He told me that they are no longer in love and are always fighting. Im not responsible for their break up since they already had issues when I met him. I am concerned that Im not getting the quality time with him. When I call him late he does not answer his phone or he switches it off. Im now becoming suspicious that the divorce thing is a lie. Do you think this man is a cheat?
Lolo
Lolo dear
From the look of things, this man is certainly a cheat. It is not advisable to date a married man even if he is filing for divorce. It is wise not to trust or believe a married man who says he is having problems with his wife.
It is common to have problems in marriage and couples try hard to fix them and most of the times they mend them successfully. Usually when this happens it leaves people like you disappointed. Usually such men use the extra-marital affairs they have to get the love they will be missing at home if they are having problems with their wives. Men like that are usually too proud to work things out with their wives.

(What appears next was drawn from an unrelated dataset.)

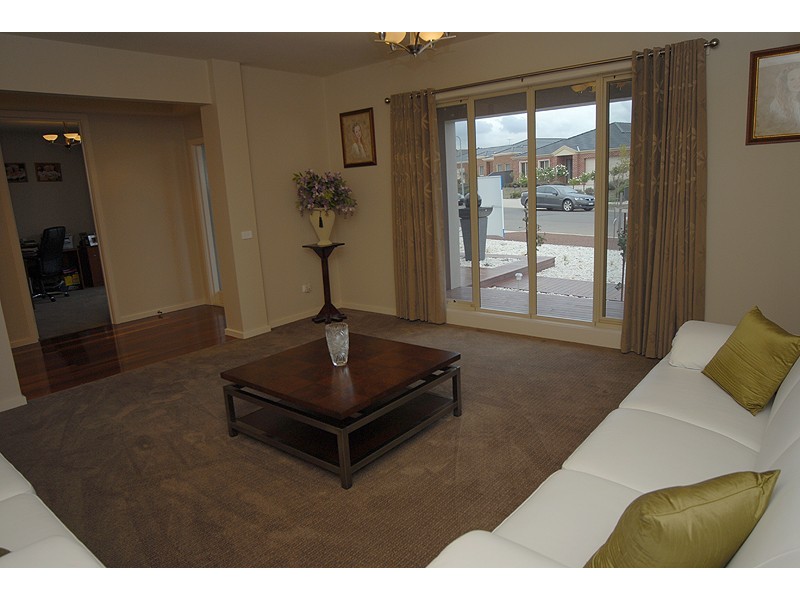 30 Alfredton Drive, Alfredton VIC 3350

It is best to leave him and look for a single man who loves you, makes time for you, one who is honest and most of all one you will not share with someone else.
Gracey
Dear Gracey
I am worried because there is one girl at our church who is so damn crazy about me that she is going around telling everyone that we are going out when we are not. She has been spreading this lie at church among her friends and other people. Although she is beautiful and nice, I do not have any interest in her. My problem now is that her false claims are now blocking me to get a potential girlfriend at church. How can I get her off my way without being rude?
Cute Boy
Hello Cute brother
I understand how tricky it is for you when someone you totally have no feelings for blows your chances with the one you love. I suggest you sit down with this girl and talk to her without being rude or hurting her feelings. Tell her how you honestly think of her as a beautiful and nice woman and be frank with her that you can only be friends. Tell her that you dont like the way she is exaggerating your relationship to the public and how everyone believes that you are now lovers and not just good friends.
She may have taken your nice behaviour towards her for that of more than just friends. That is not your fault but she needs to understand you as nothing more than a good friend.
But her great admiration for you should not be something to be completely dismissed because it appears she is deeply attracted to you. I think she is also worth giving a chance in your search for Mrs Right.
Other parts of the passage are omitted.